[...]
I. - La présomption de compétence professionnelle que les arbitres font peser sur les opérateurs du commerce international a été soulignée dans cette chronique dès 1974, dans des observations sur la sentence rendue en 1972 dans l'affaire nº 1990 (JDI 1974, 897). Elle apparaissait déjà dans une sentence de 1966 dans l'affaire nº 1397, mentionnée dans les observations figurant au pied de cette sentence. Cette présomption a été confirmée par diverses sentences ultérieures (cf. les sentences rendues en 1975 dans les affaires nº 2438 : JDI 1976, p. 969 ; nº 2281, p. 989 et en 1980 dans les affaires nº 3380 : JDI 1981, p. 927 et nº 3130, p. 932).

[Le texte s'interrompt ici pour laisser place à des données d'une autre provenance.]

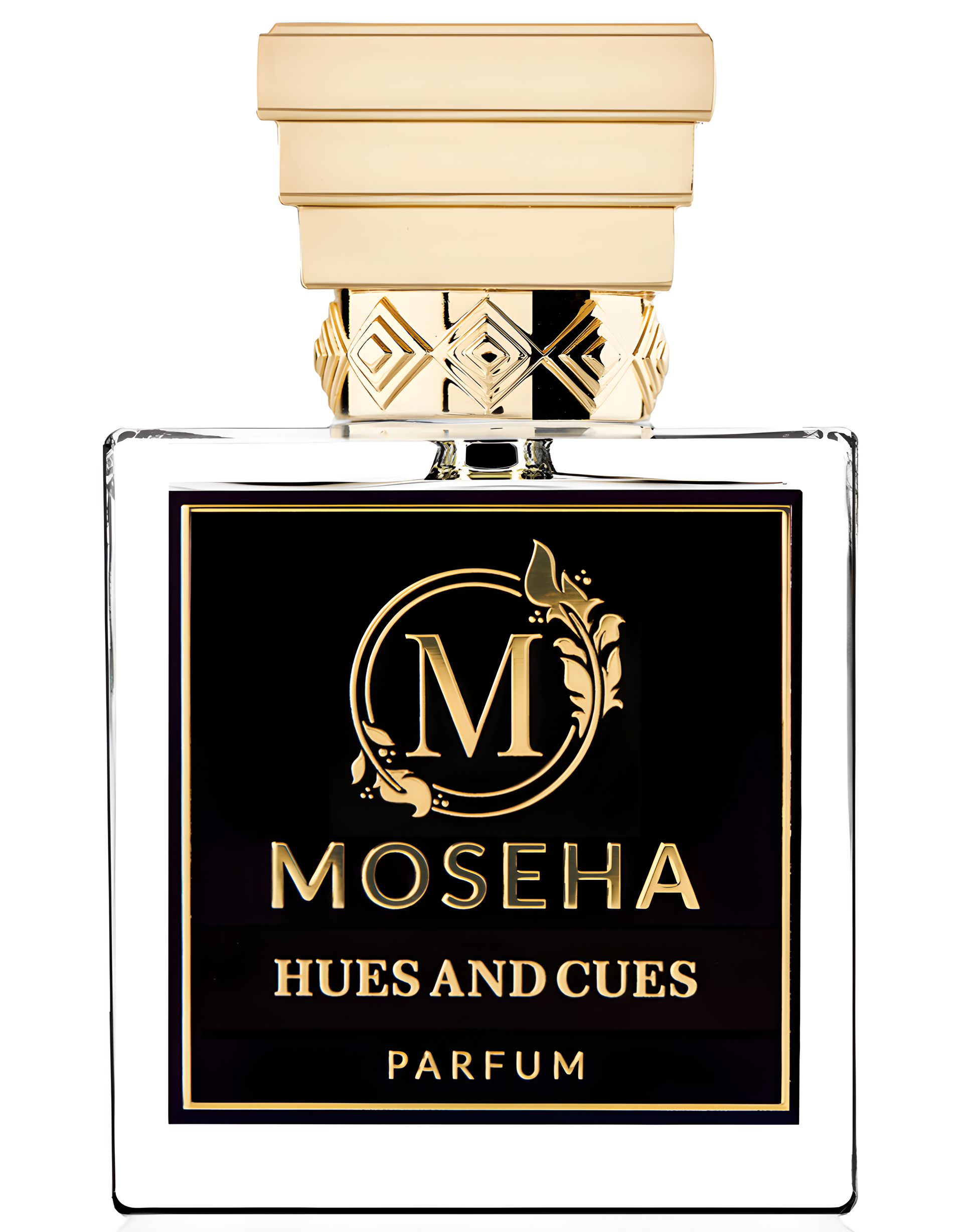 Hues and Cues by Moseha perfume bottle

Une fois encore les arbitres présument que les parties n'ont pu en raison de leur expérience, se méprendre sur la portée de leurs engagements contractuels. Ils estiment qu'il ne fait pas de doute qu'elles ont prêté une grande attention à la lettre de leur contrat. Mais tel n'est pas le seul rôle de la présomption de compétence professionnelle des opérateurs du commerce international. Elle constitue le support d'une référence des arbitres à la pratique et aux usages que des parties expérimentées ne sauraient ignorer. On ne peut s'empêcher ici d'évoquer l'article 9 (2) de la Convention de Vienne du 11 avril 1980 qui dispose :
« Sauf convention contraire des parties, celles-ci sont réputées s'être tacitement référées dans le contrat et pour sa formation à tout usage dont elles avaient connaissance ou auraient dû avoir connaissance et qui, dans le commerce international, est largement connu et régulièrement observé par les parties à des contrats de même type dans la branche commerciale considérée ».

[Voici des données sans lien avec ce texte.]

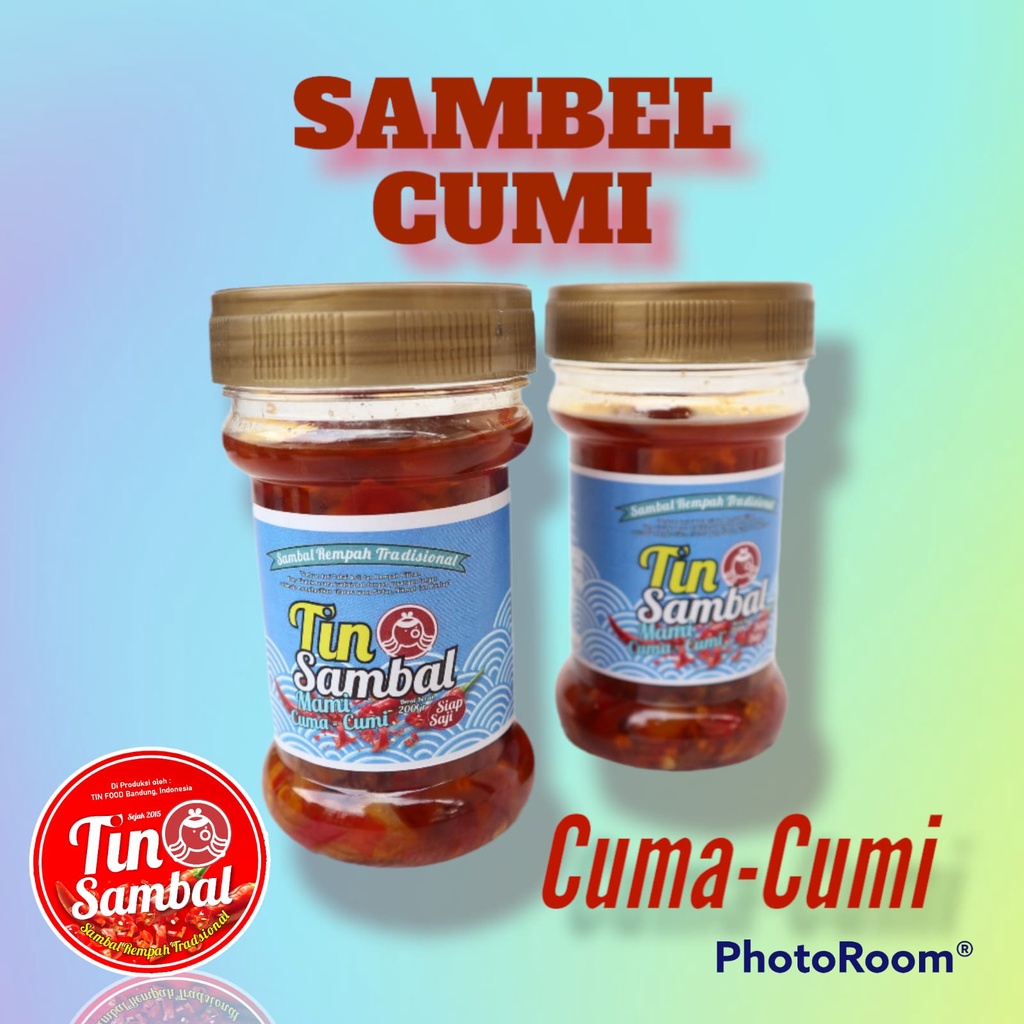 Sambal Cumi, baby cumi, Sambel cumi khas Tin Sambel-150 gr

En effet, non seulement le tribunal arbitral présume que les parties ont rédigé leur contrat avec le plus grand soin, mais il tient pour certain qu'elles dominent parfaitement la technique contractuelle en matière de construction. C'est pourquoi les arbitres ne peuvent admettre que le doublement de la capacité de production de la fabrique de ciment puisse être considérée comme une addition aux travaux contractuels qui étaient l'objet du premier contrat avec le maître de l'ouvrage et, partant, la raison d'être de la constitution du premier consortium. Au-delà d'un usage du commerce international tendant à la sécurité des transactions, la présomption de compétence professionnelle des opérateurs du commerce international apparaît ici comme un point d'ancrage au sein des usages du commerce international.